Bushhouse
No, it’s H-H-O, like two words
Squished without the portmanteauing
And now it seems to make total
Sense, the way the weather makes sense
With a sometimes-it-rains-and-sometimes
It-doesn’t kind of thinking. It doesn’t
Make sense—from Boshuis (BOSS-highs),
“forest house” in Dutch, the Anglo
Saxon man at the desk got the gist and
Thought just one H would be better—
And Isaac George Bushouse did not
Complain, I’ve heard, even though
(and all of this I’ve only pieced together
across eleven Christmases of eggnog
induced didya-know-thats and Grandma’d
never-tell-you-thises, with a little census data)

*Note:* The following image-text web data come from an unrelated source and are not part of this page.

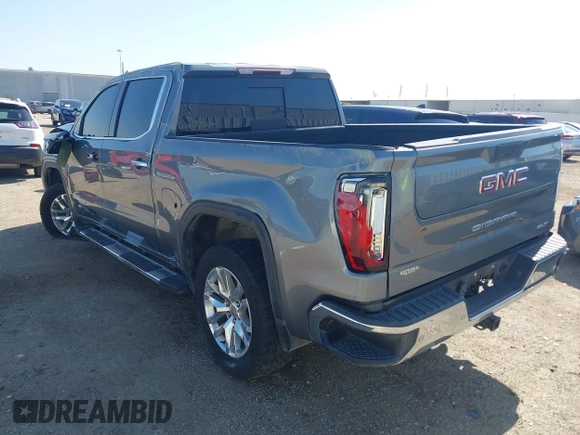 2019 GMC Sierra 1500 SLT z VIN 3GTP8DED7KG308047, wystawiony jako IAAI lot #41978970 z przebiegiem 112 662 mil mil oraz . Historia ofert i sprzedaży dostępna na DreamBid. Obrazek 3.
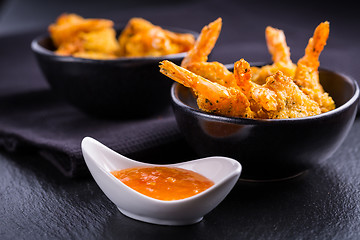 Image showing Roastet and breaded Thai shrimps with dip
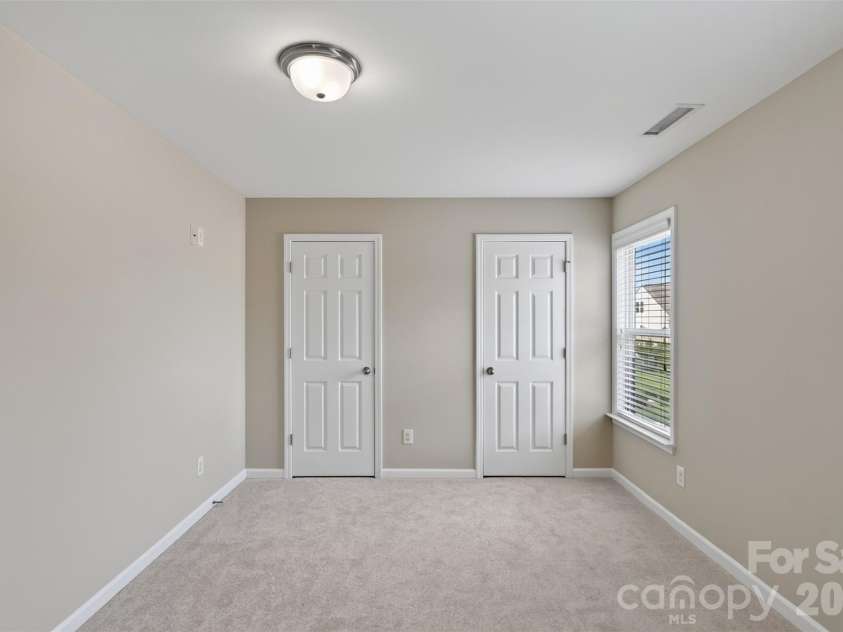 3010 Gilroy Drive, Fort Mill, SC 29707.  MLS# CAR4411123, YatesRealty ID 42343. Third floor bedroom with two closets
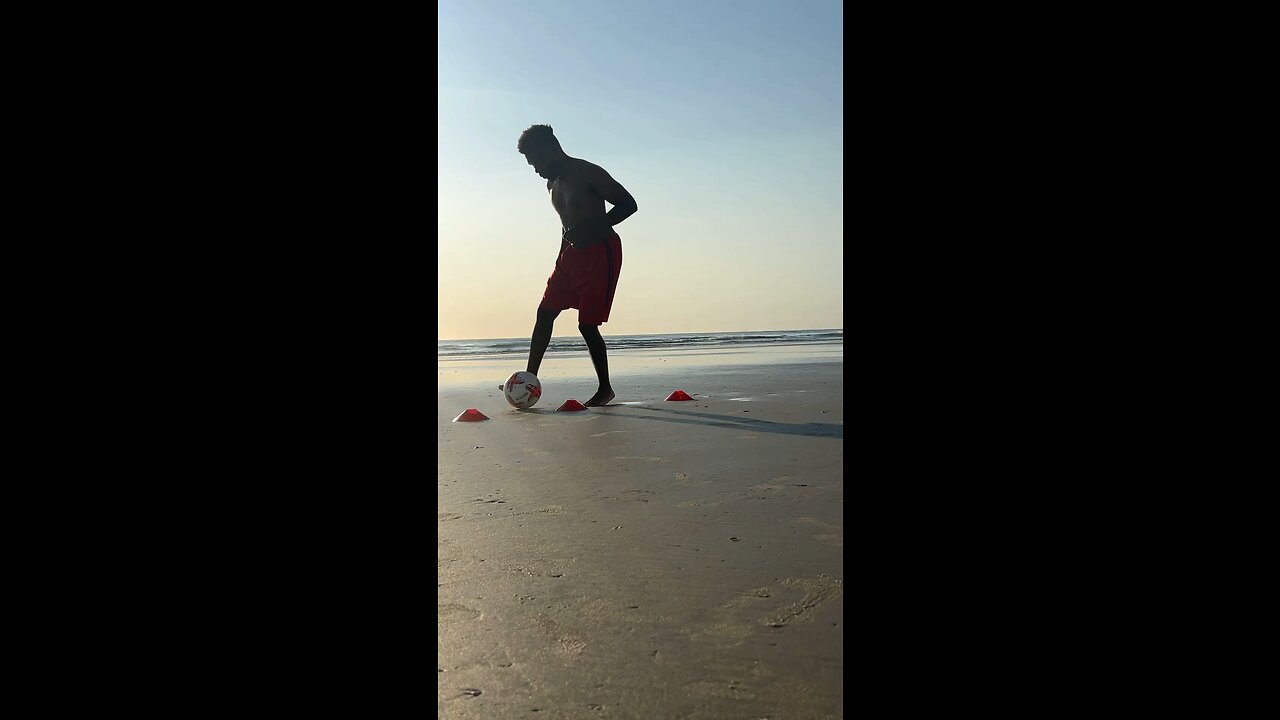 Dribbling soccer drill on the beach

Sometimes it rains and rains
And the celery molds, and sometimes
It doesn’t and doesn’t and the celery
Dries into limp leather fingers
And if it seems almost impossible
To make a living selling celery not
Withholding all the debt of buying
Land near Kalamazoo, well that’s the gist
And so the man without an extra anything
Roughhew a new himself as George
Isaac Bushhouse with another H
(he didn’t grow it in under molting skin
like a lizard’s replacement arm—he
squeezed it in like toothpaste into nail
holes on the last day of a lease)
And hitchhiked just a hundred miles
East to Lenawee (LENN-a-way), where
Selling gleanings door-to-door carried
A bit less shame, until (again, I’m dubious)
He hitchhiked back to Kalamazoo
And paid off all the loans, pulled out
That fishhook of failure, and opened-up
A grocer’s and painted BUSHHOUSE’S
Over the door as if shouting out
I am not the man I was before! and on the
Window underneath it, Tomatoes, Onions,
Celery For Sale. And that is how I got that
Extra H that, despite being absent
On nearly all of the certificates from grade
school, remains, just like my occipital lymph
Nodes: displaced and anomalous and usually
Unnoticed, but mine to touch and know.